Recommendation 19 (Participation and Representation): As strategic manager rather than a policy body the GNSO Council should continue to focus on ensuring that a WG has been properly constituted, has thoroughly fulfilled the terms of its charter and has followed due process.

23

Paul Diaz

gTLD Registries Stakeholder Group

(Support)

60

Osvaldo Novoa

ISPCP

(Support) The ISPCP offers full support. As stated previously, this is exactly what Council was set up to do under the last review, yet Council continues to devote far too much time to the policy itself, rather than managing the process.

212

Stephanie Perrin

NCUC/NCSG

This is pure process.  The Council also has to examine what comes out the other end.

256

Greg Shatan

IPC

(It Depends) We believe the GNSO structure should be reconstituted to avoid capture by the Contracted Parties.

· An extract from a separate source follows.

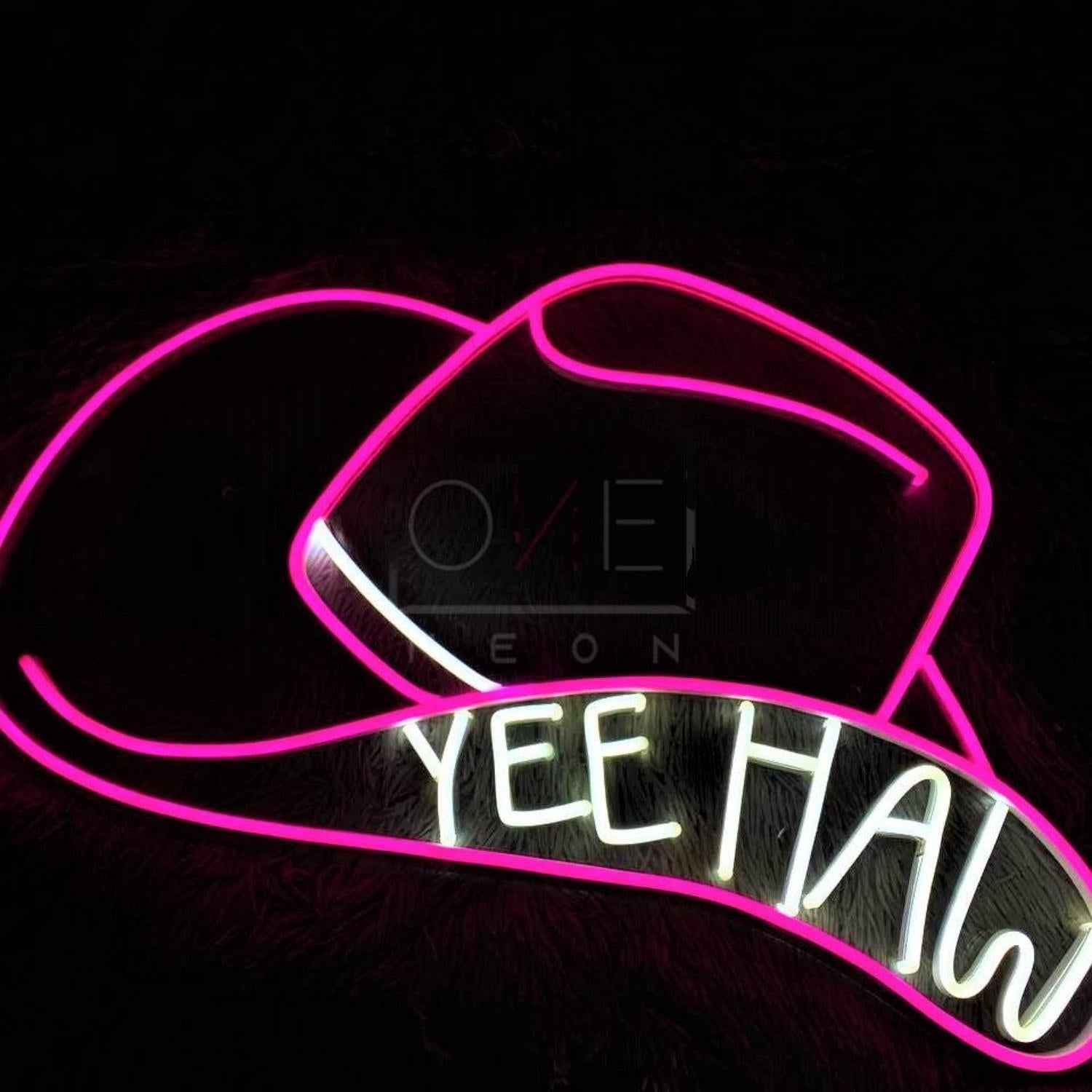 Pink Cowboy Hat Yee Haw Led Neon Sign For Western Bar Decor | Shineneon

A more representative Council should focus as a strategic manager but should independently ensure that WG recommendations are fair and implementable, and deriving from truly representative community input.

284

Amr Elsadr

 

This recommendation, and the context in which it was developed in the Westlake report is misleading in some ways. First, The GNSO Council is not a legislative body and does not act as such.  The GNSO Council does manage the process by which the GNSO develops gTLD policies. However, in this role, the council could on occasion have reason to reject or propose amendments to policy recommendations from PDP WGs. These circumstances may include when consensus is not achieved within the PDP WG, or in the event that there is incomplete representation within the PDP WG’s membership involved in the consensus call. In all events, the GNSO council does not make changes to policy recommendations as insinuated by the Westlake report. This might not have been the intent of the report, but the language used to discuss this seems vague. The GNSO operating procedures allow for the the council to propose changes to policy recommendations, which need to be considered by the PDP WG. This is, on occasion, very much be consistent with its management role, and does not indicate any legislative role. In addition, the GNSO Council should always attempt to ensure that gTLD policy is developed through the GNSO process, and not outside of it via board resolutions in response to Advice from ACs, other groups (such as the BRG, which is becoming a repetitively problematic development) or on the ICANN board’s own initiative. Developing gTLD policy is the primary function of the GNSO. In the event that gTLD policy recommendations from the GNSO Council to the ICANN board result in conflicting advice from ACs (such as GAC or ALAC), any desire to amend the policy recommendations should be sent back to the GNSO to go through the appropriate process (new processes may become viable options should the board adopt the policy and implementation WG recommendations). This is consistent with the Westlake report’s text in section 3.6.1 on page 77 (“As noted above in relation to the GNSO Council, we consider that the role of the Board should not be to re-litigate or amend policy itself, but to articulate its reasons for rejection and refer the policy back to the GNSO PDP WG for re-consideration and re-submission”).

330

Olivier Crepin-Leblond

ALAC

(Support) The ALAC supports this recommendation.